Feature name: Consolidation in LEFT JOIN stacks
Associated: #20828

Summary

Stacks of LEFT JOINs seem to be a pretty common pattern in user queries. Our plans for these turned out to have a problematic feature: at each of the LEFT JOINs we have a Union and a Negate (resulting in records that would cancel out with a consolidation), but there is a dataflow path with no consolidation between one Union-Negate and the Union-Negate for the next LEFT JOIN. This means that each of the LEFT JOINs we will accumulate more unconsolidated intermediate data, resulting in a lot of extra work for downstream operators.

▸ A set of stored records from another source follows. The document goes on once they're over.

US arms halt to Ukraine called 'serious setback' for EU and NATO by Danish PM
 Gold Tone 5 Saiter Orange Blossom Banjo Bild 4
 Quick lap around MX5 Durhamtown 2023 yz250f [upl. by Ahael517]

We propose a simple fix: We insert a consolidation at each of the Union-Negates to immediately make the negated records cancel out. This fix will unfortunately result in some increased memory usage (especially when processing snapshots), but we argue that the simplicity of this solution is worth the extra memory usage for now. Later we can reconsider some more complicated alternative solutions, which we also briefly discuss at the end of this document.

Motivation

Examine the following query and its plan. The // x, y numbers show how many records we have at those points in the plan if we don't consolidate at the Union-Negates or if we consolidate immediately after each Union-Negate, respectively. We set up the experiment in a way that each of the input relations have exactly 1 record, and all the records match, i.e., that there are no records in the outer sides of LEFT JOINs (which is the worst case for the consolidation problem).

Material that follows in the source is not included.